Aim of the exercise - Beginning with the line that has "Sehen Sie umwerfend" and ending with the line that has "Mais de mil", retype the entries below exactly, except for the pictures.

[Records from a data source]
:::
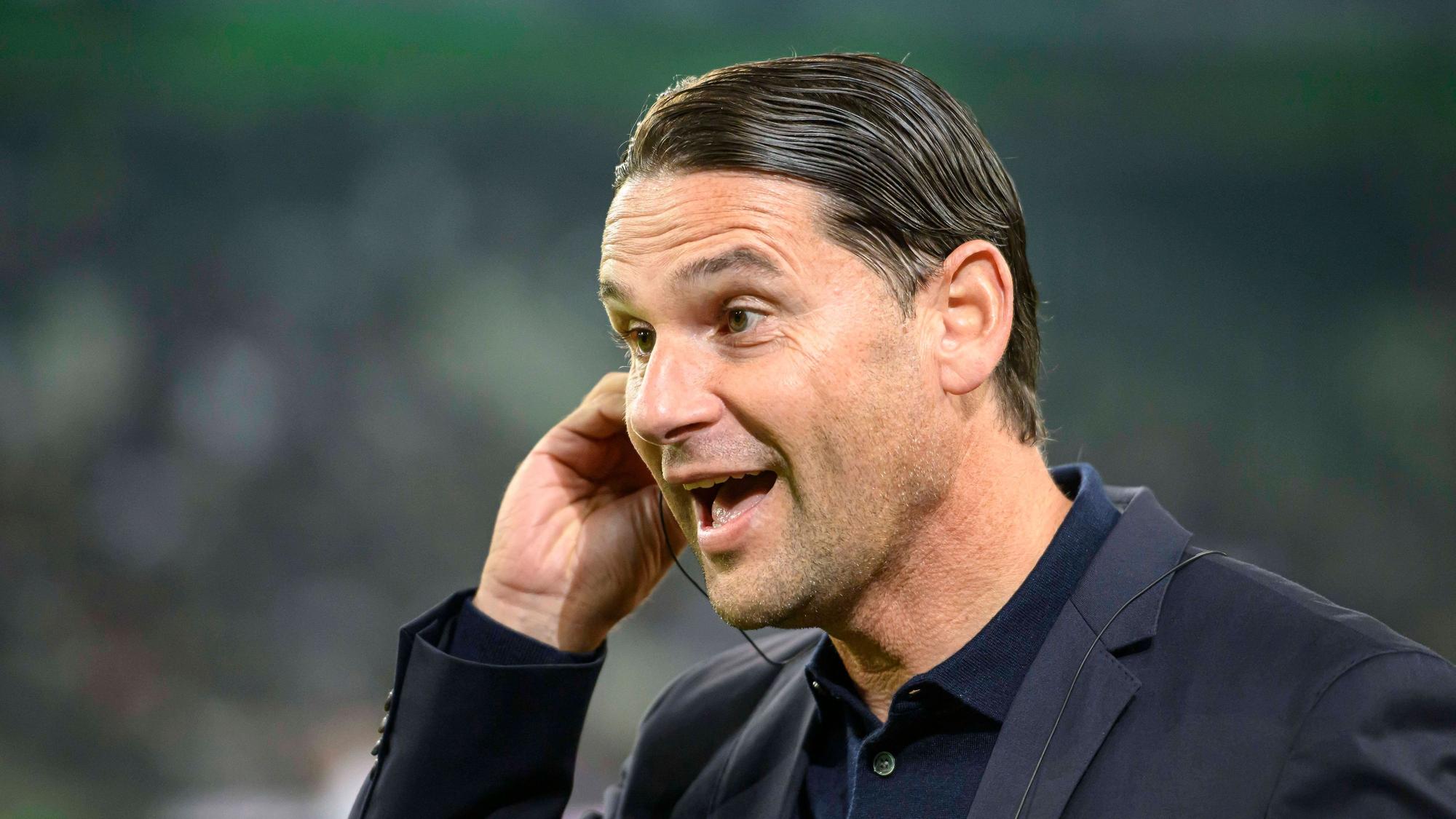 Gerardo Seoane mit weit aufgerissenem Mund vor einem Borussia-Spiel.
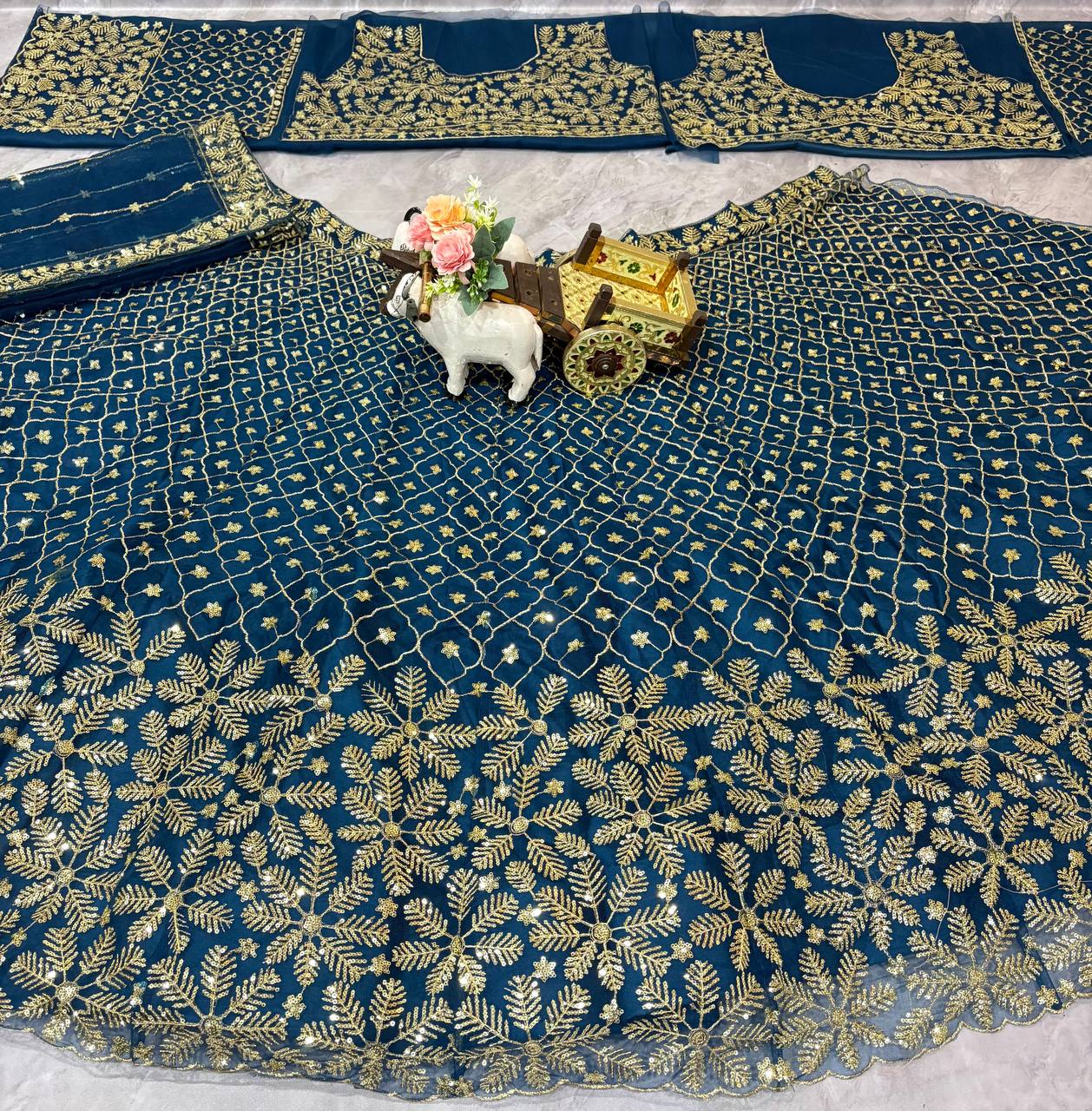 Sehen Sie umwerfend aus in diesem wunderschönen cremefarbenen Lehenga-Set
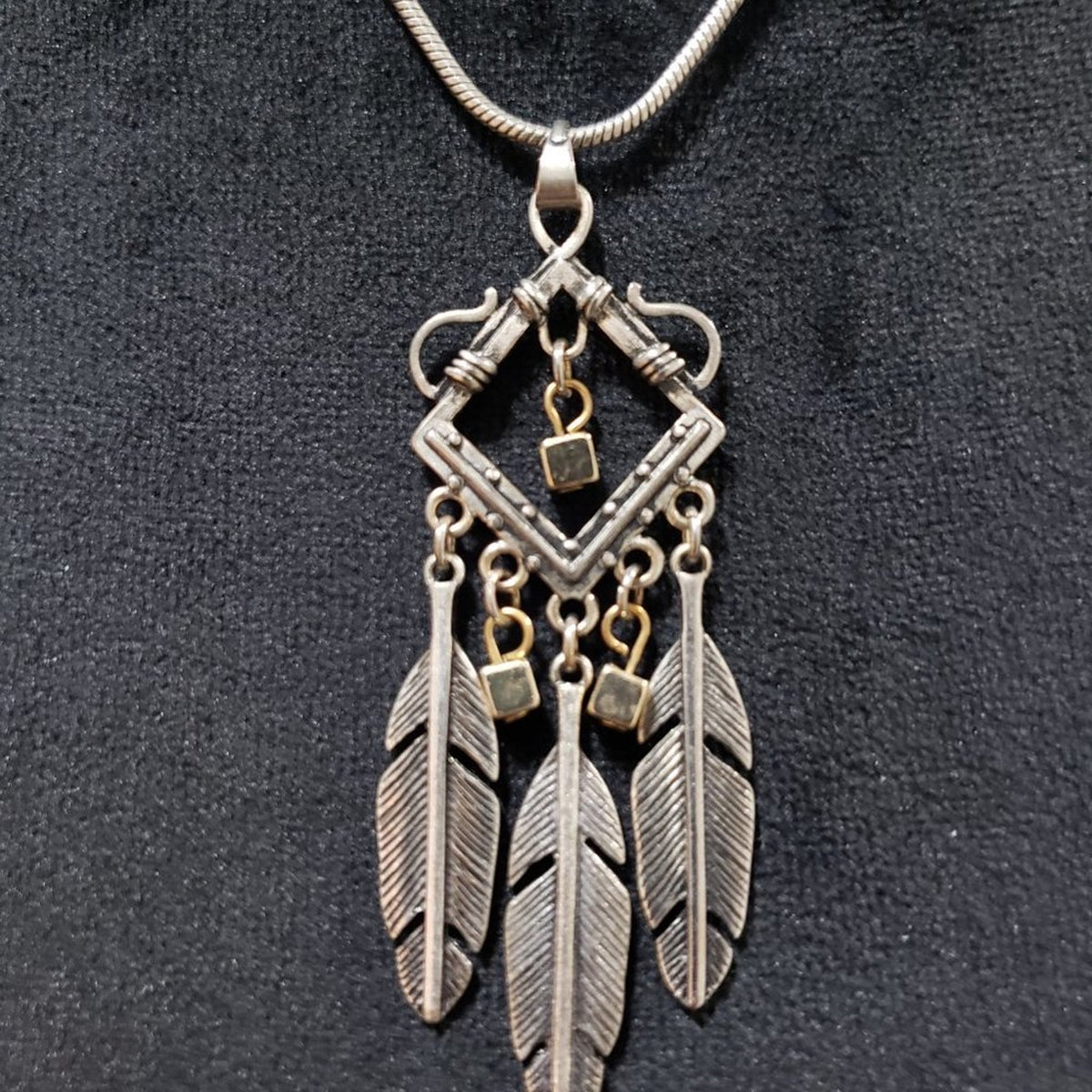 Womens Boho & Hippie Style Silver Gold Tone Stylish Feather Pendant Necklace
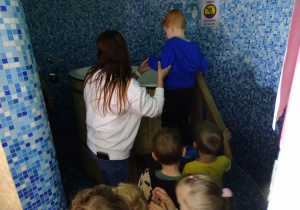 Dzieci zwiedzają saunę.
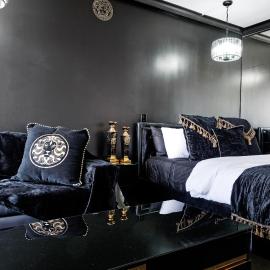 Medusa's Luxe Retreat - Prime Surfers Paradise Spot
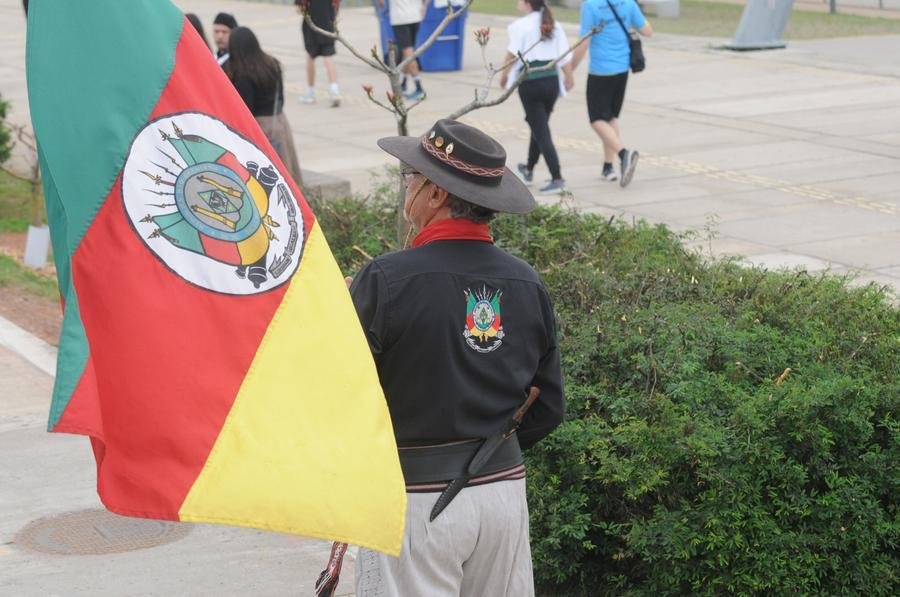 Mais de mil espectadores que tomaram as arquibancadas montadas no Trecho 3 da Orla do Gua&iacute;ba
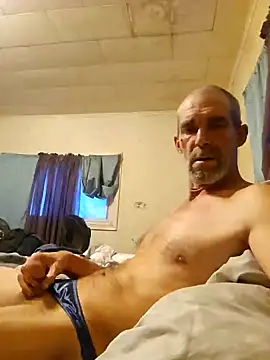 Snapshot of cassinova68 chatting on January 11, 10:07 pm cassinova68 online show from January 11, 10:07 pm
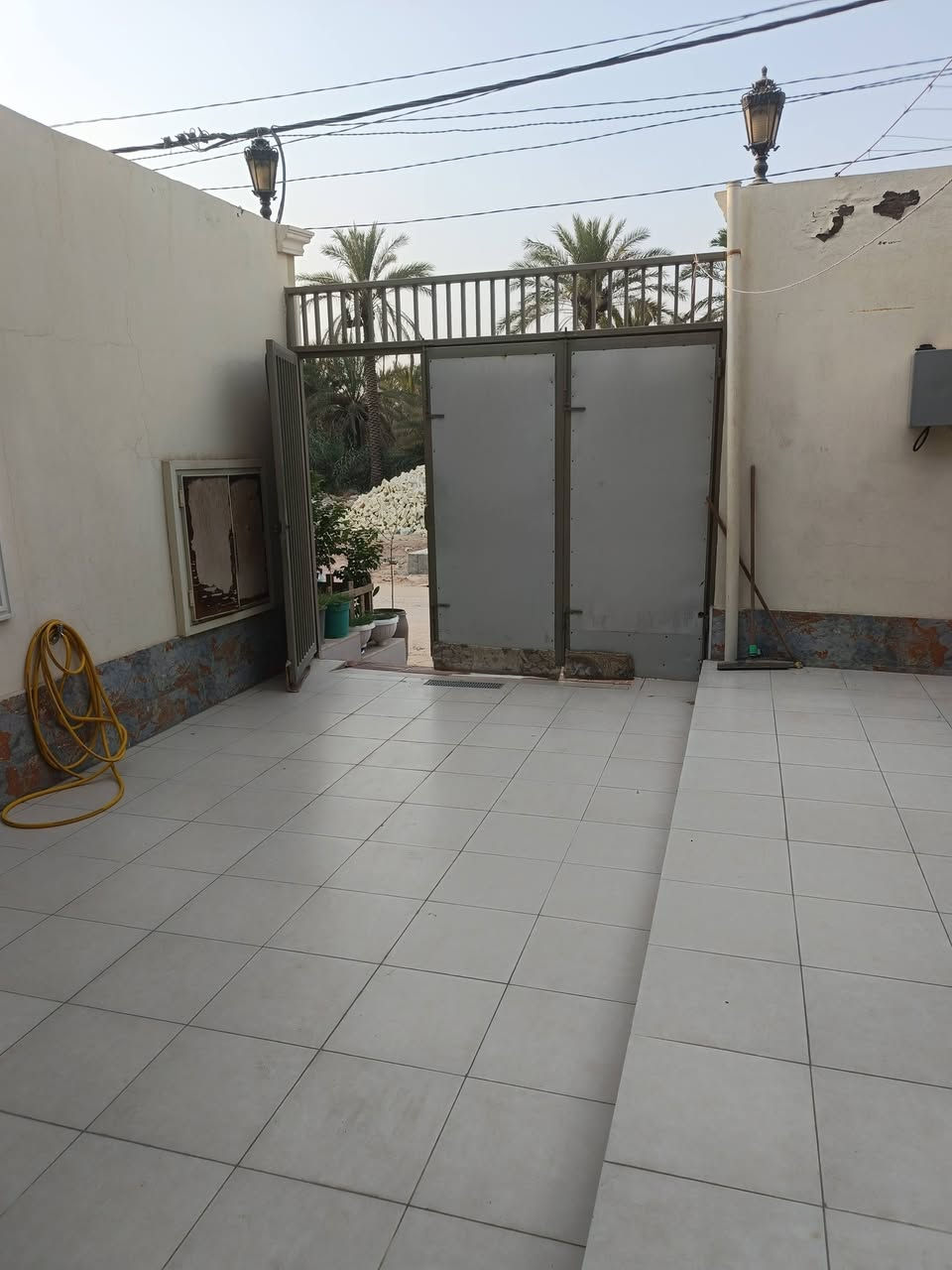 دار للبيع مساحة ٣٥٠ متر عنوان كوفه علوة الفحل الدار بناء درجة اولى معه الاثاث بعه منضومه كهرباء ٤٠ انبير حقيقي ٣ غرف نوم صاله مطبخ وستقبال السعر ٢٤٠ معه المجال الاستفسار على رقم مكتب الاسدي ***********/***********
:::
Answer space -
 Sehen Sie umwerfend aus in diesem wunderschönen cremefarbenen Lehenga-Set
 Womens Boho & Hippie Style Silver Gold Tone Stylish Feather Pendant Necklace
 Dzieci zwiedzają saunę.
 Medusa's Luxe Retreat - Prime Surfers Paradise Spot
 Mais de mil espectadores que tomaram as arquibancadas montadas no Trecho 3 da Orla do Gua&iacute;ba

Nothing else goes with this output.